*Aim of the task*: From the line containing "Activist Tam Tak-chi" to the last line of the data below, copy everything exactly and nothing else; pictures stay out.

[Opening Data below section]

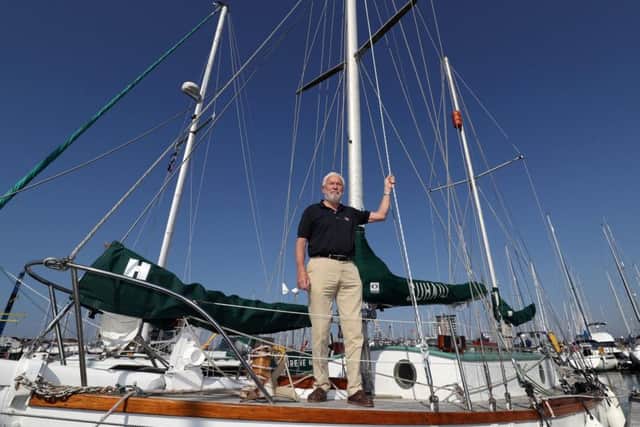 Sir Robin Knox-Johnston stands on the deck of his boat Suhaili. Picture: Andrew Matthews/PA Wire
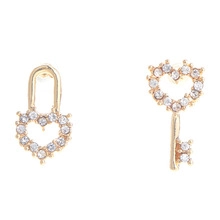 Detail of gold-plated heart lock and key earrings with sparkling clear crystals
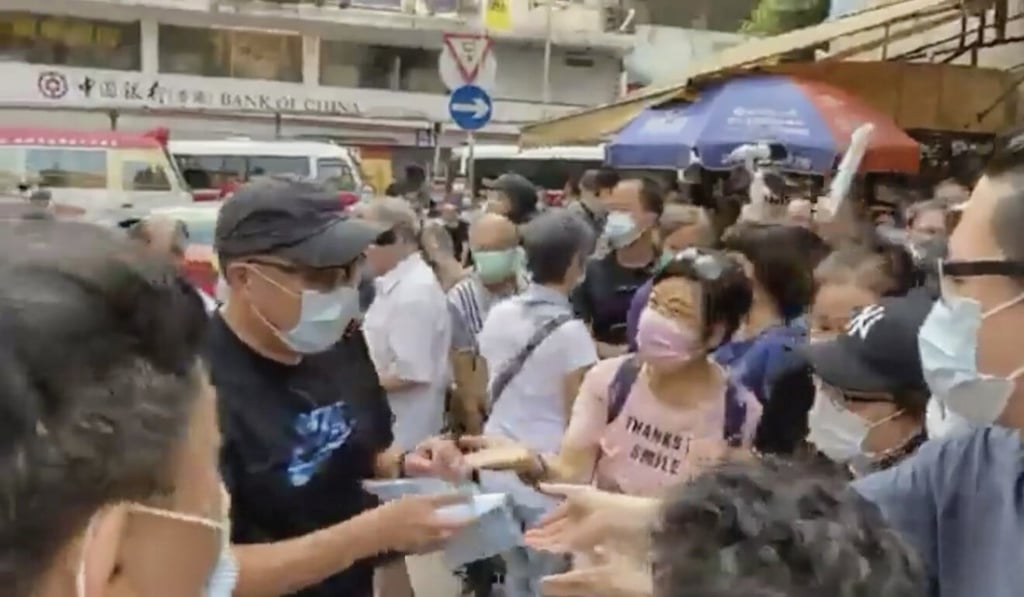 Activist Tam Tak-chi set up street booths across Hong Kong in June and August, where he gave out face masks and criticised the government. Photo: Facebook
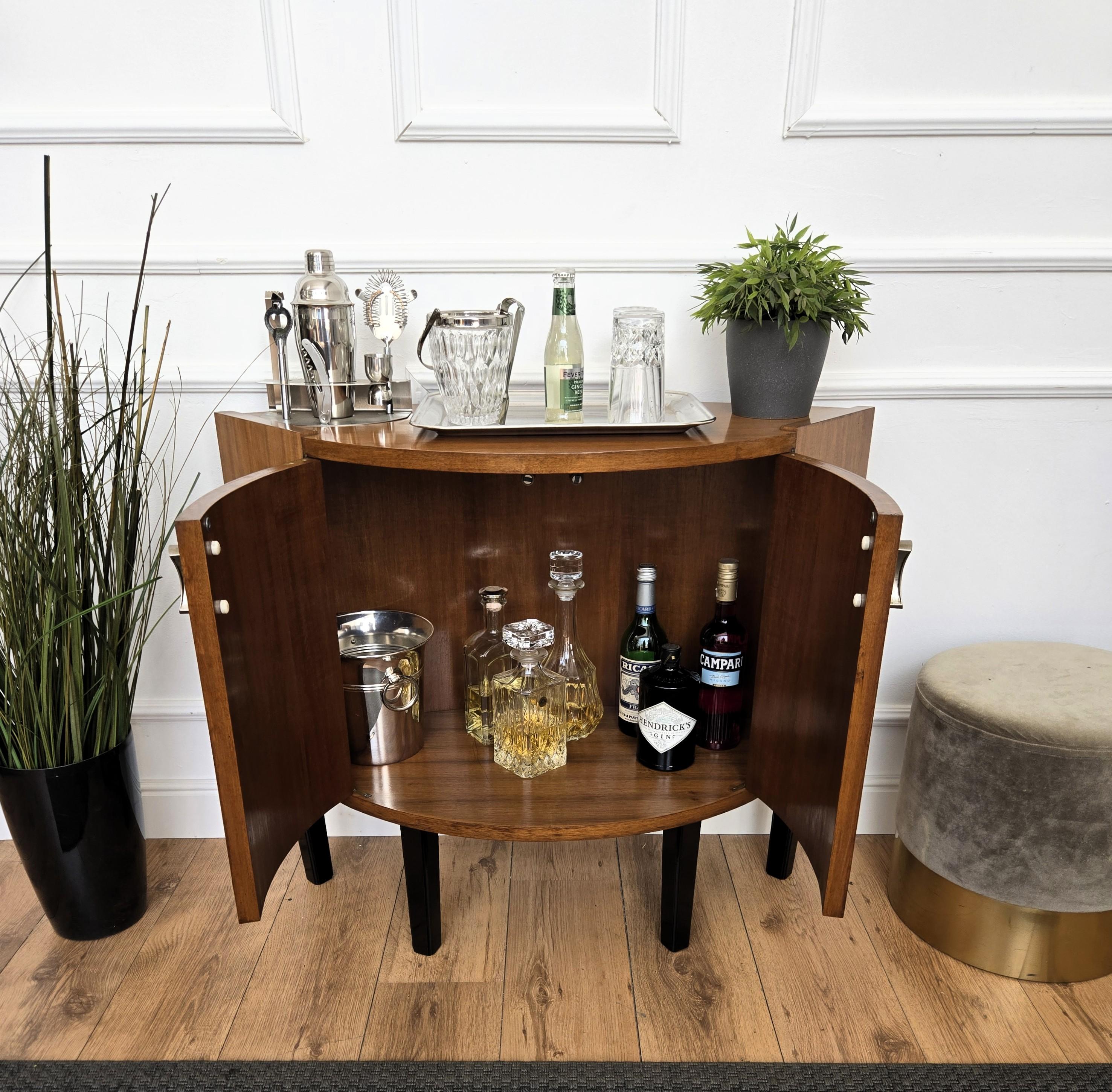 Elegante mueble bar italiano de mediados de siglo, en madera noble, con puertas centrales y tiradores de latón, realzado por el lateral de diseño y forma típicos de mediados de siglo y apoyado sobre cuatro patas negras. Su diseño único y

[Closing Data below section]

*Answer*:
 Activist Tam Tak-chi set up street booths across Hong Kong in June and August, where he gave out face masks and criticised the government. Photo: Facebook
 Elegante mueble bar italiano de mediados de siglo, en madera noble, con puertas centrales y tiradores de latón, realzado por el lateral de diseño y forma típicos de mediados de siglo y apoyado sobre cuatro patas negras. Su diseño único y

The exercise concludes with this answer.